• **Records for this exercise**
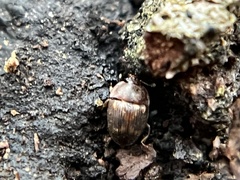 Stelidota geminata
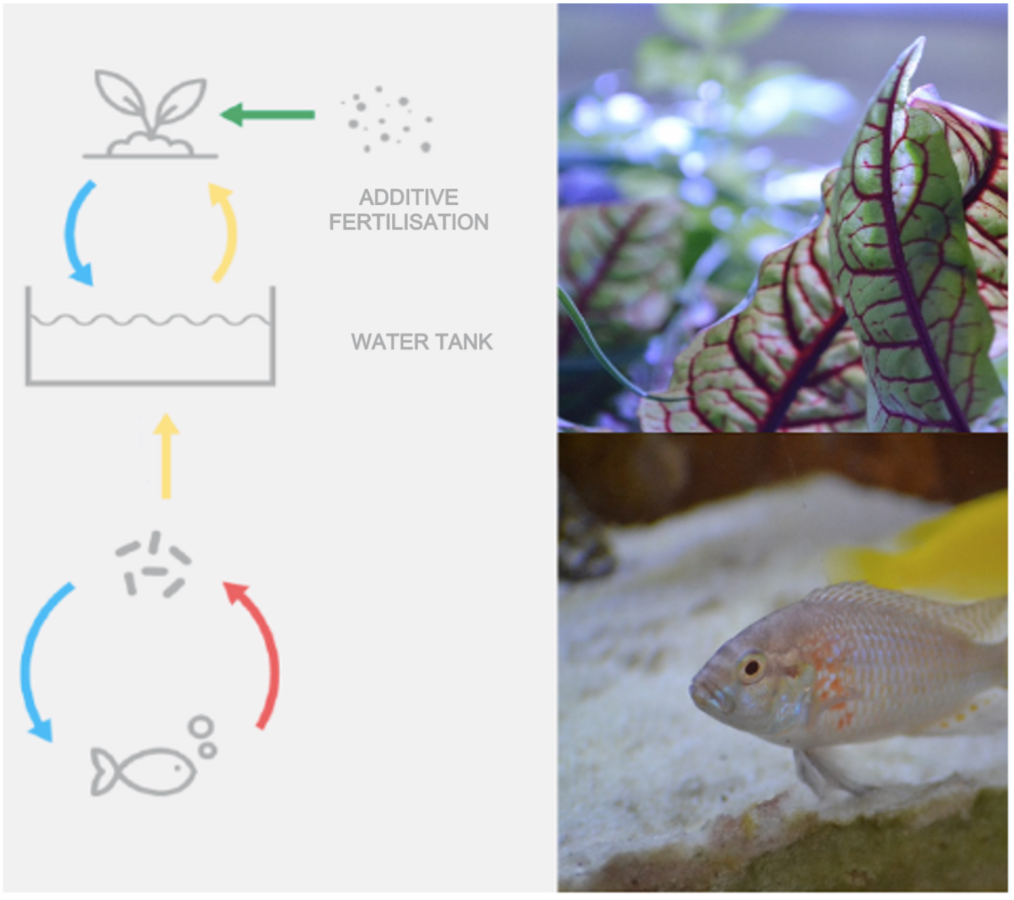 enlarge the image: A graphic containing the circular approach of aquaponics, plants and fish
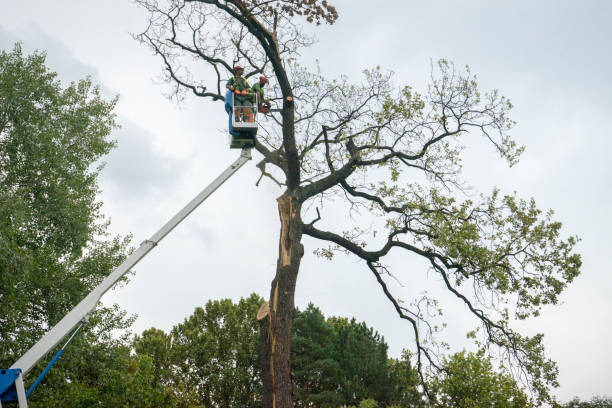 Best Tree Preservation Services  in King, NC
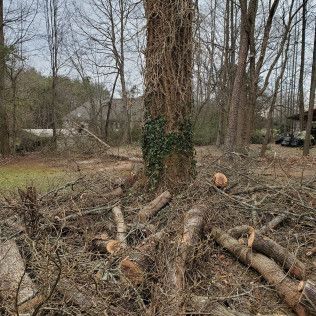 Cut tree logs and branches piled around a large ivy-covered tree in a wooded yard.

---

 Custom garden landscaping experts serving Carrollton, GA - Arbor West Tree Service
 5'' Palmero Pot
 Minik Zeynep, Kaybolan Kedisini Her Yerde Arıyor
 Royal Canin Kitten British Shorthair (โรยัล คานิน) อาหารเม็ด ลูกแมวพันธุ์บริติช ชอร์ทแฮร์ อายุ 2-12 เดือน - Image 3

---

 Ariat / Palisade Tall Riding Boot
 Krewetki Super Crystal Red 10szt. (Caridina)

• **Task details**
Could you return exactly the stretch of the data above that starts at the line with "Minik Zeynep, Kaybolan" and ends at the line with "Royal Canin Kitten", both lines included?

• **Your response**
 Minik Zeynep, Kaybolan Kedisini Her Yerde Arıyor
 Royal Canin Kitten British Shorthair (โรยัล คานิน) อาหารเม็ด ลูกแมวพันธุ์บริติช ชอร์ทแฮร์ อายุ 2-12 เดือน - Image 3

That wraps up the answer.